Eddie ouvrit la bouche pour dire : D’accord, parlons un peu de cette Tour. Parlons-en une bonne fois pour toutes — qu’est-ce que c’est, qu’est-ce que ça veut dire et, surtout, qu’est-ce qui va nous arriver quand on y parviendra ? Mais aucun mot ne sortit de sa bouche et il la referma au bout de quelques instants. Le moment était mal choisi — Roland souffrait beaucoup trop. Et seule l’étincelle ténue de leur feu tenait la nuit à distance.
— Nous arrivons à présent à l’autre problème, dit Roland avec lassitude. J’ai enfin trouvé ma route — après toutes ces années, j’ai enfin trouvé ma route —, mais il semble également que je sois en train de perdre la raison. Je la sens s’effriter sous mes pieds, comme un quai de béton rongé par l’eau de pluie. C’est le châtiment qui m’est infligé parce que j’ai laissé mourir un garçon qui n’a jamais existé. Et c’est aussi le ka.
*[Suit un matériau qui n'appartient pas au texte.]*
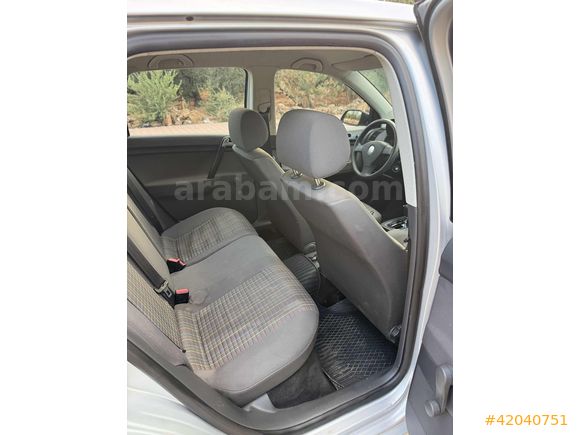 GALERİ CAN'DAN OTOMATİK KM:85 1.4 POLO KREDİ KARTINA TAKSİT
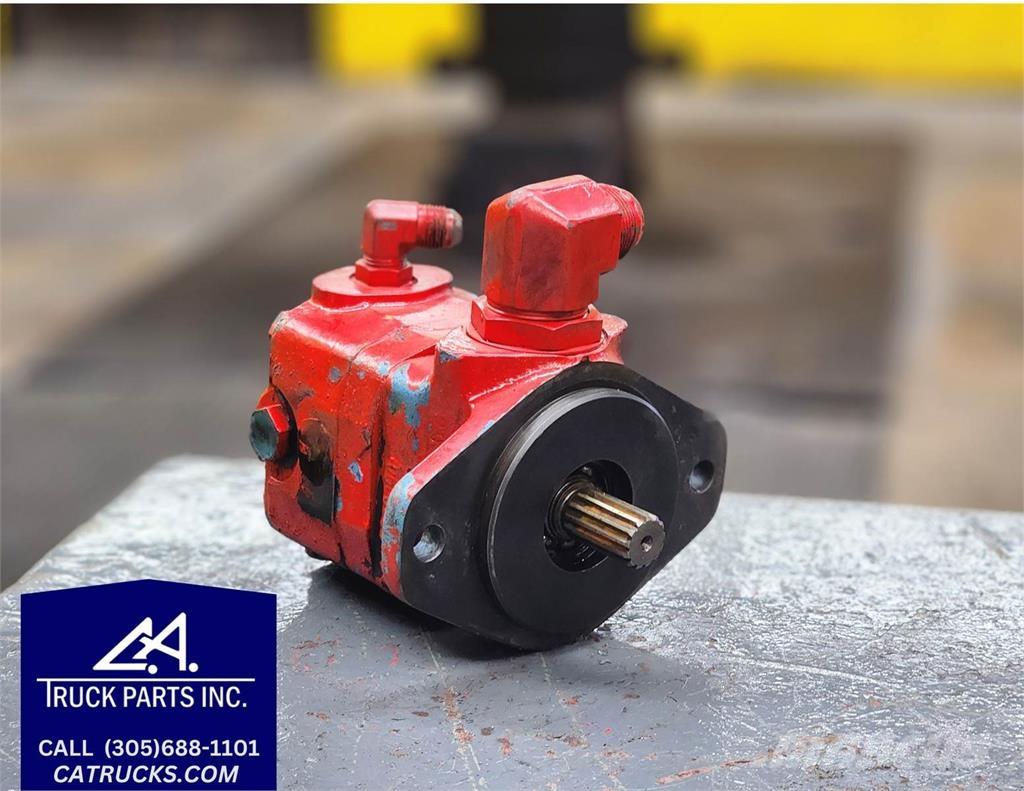  Unmarked Elektronika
— Qui est ce garçon, Roland ? demanda Susannah.
Roland se tourna vers Eddie.
— Ne le sais-tu pas, toi ?
Eddie secoua la tête.
— Mais j’ai parlé de lui, reprit Roland. Il hantait mes délires lorsque l’infection m’a conduit aux portes de la mort. (La voix du Pistolero monta soudain d’une octave et son imitation d’Eddie était si bonne que Susannah se sentit envahie par une vague de terreur superstitieuse.) « Si tu n’arrêtes pas de me casser les oreilles avec ce foutu gamin, Roland, je vais te bâillonner avec ta chemise ! J’en ai marre d’entendre parler de ce gosse ! » Tu ne te rappelles pas avoir dit ça, Eddie ?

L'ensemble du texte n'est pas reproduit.